Broken Heart describes a slow-motion Middle America, yet one that’s populated with sympathetic, observant characters. Kennedy’s death is mentioned only as a chronological landmark for the unwanted pregnancies of two vomiting college coeds, marriages inexplicably sour as conversation is mistaken for argument, and children are sent as punishment to the Jesus Barber Shop for combo haircuts/Bible-thumping sessions held by a proselytizing, “nastily Christian” proprietor. No story here seems directly related to another, and nothing particularly spectacular ever happens—although the final entry, “Mustard,” brings an escape. Packing her pickup truck with everything she owns, including her grandfather’s ashes and the title’s .38 special, our heroine makes a break for it.
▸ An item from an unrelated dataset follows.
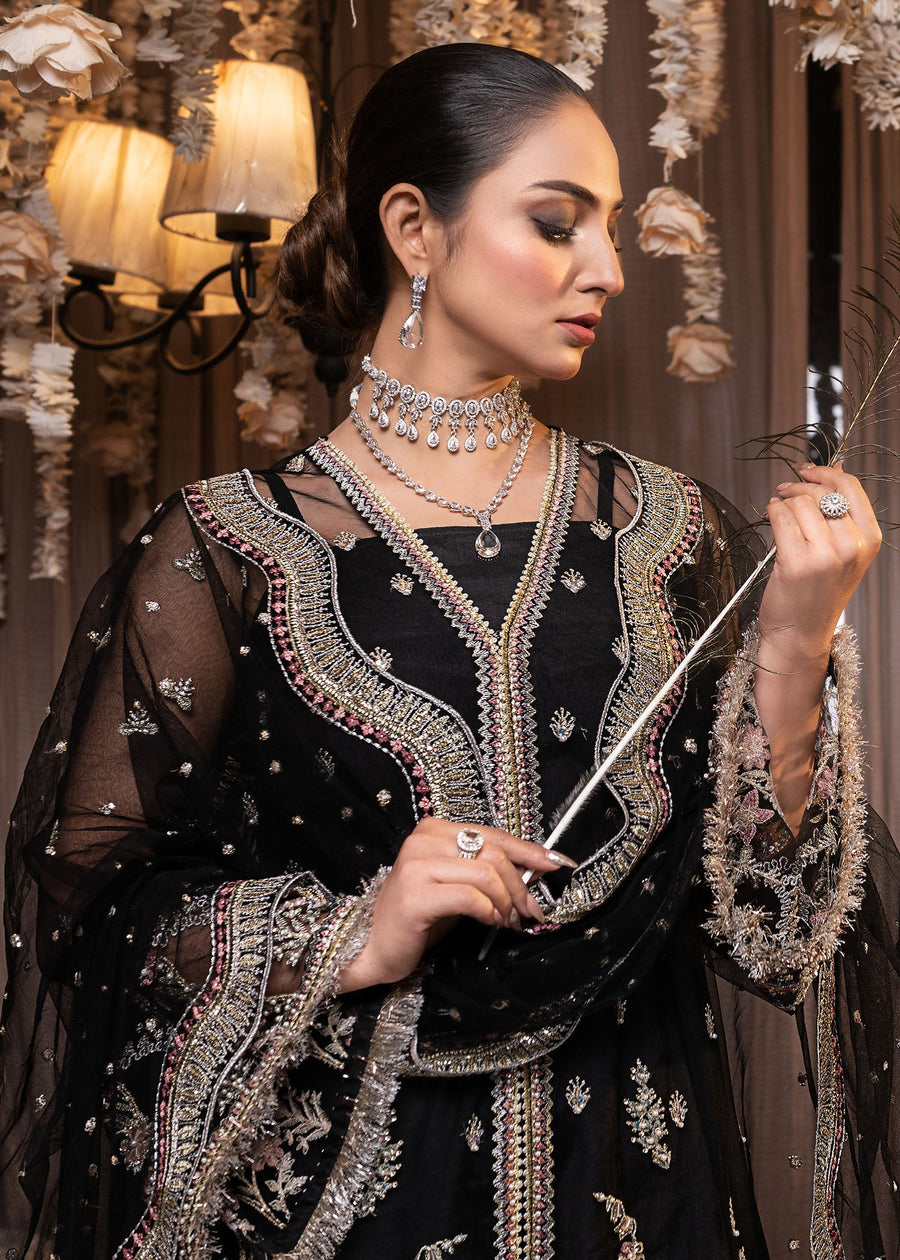 Qalb by Suveez Embroidered Net Unstitched 3Pc Suit - Zareen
With “all of Dwight Yoakam’s sad-ass songs bleating away,” she abandons her cheating husband after “trying to wring some more out of that tired t-shirt we called our marriage” and realizing that there is more to life than purchasing bigger and bigger TV sets.
As the narrator hurls her grandfather’s urn and the memory of her errant husband into the Gulf of Mexico, Agee leaves the rest of us with the tools to continue as best we can. We take the keys from the ignition of the car and clean up the Oreo halves because, as one pragmatic character says, “We get a lot of field mice in the winter, and I just didn’t want them eating all that chocolate. It’s poisonous for most animals.” Agee’s tales don’t have much narrative drive, but they take a clear-eyed look at matters of the heart.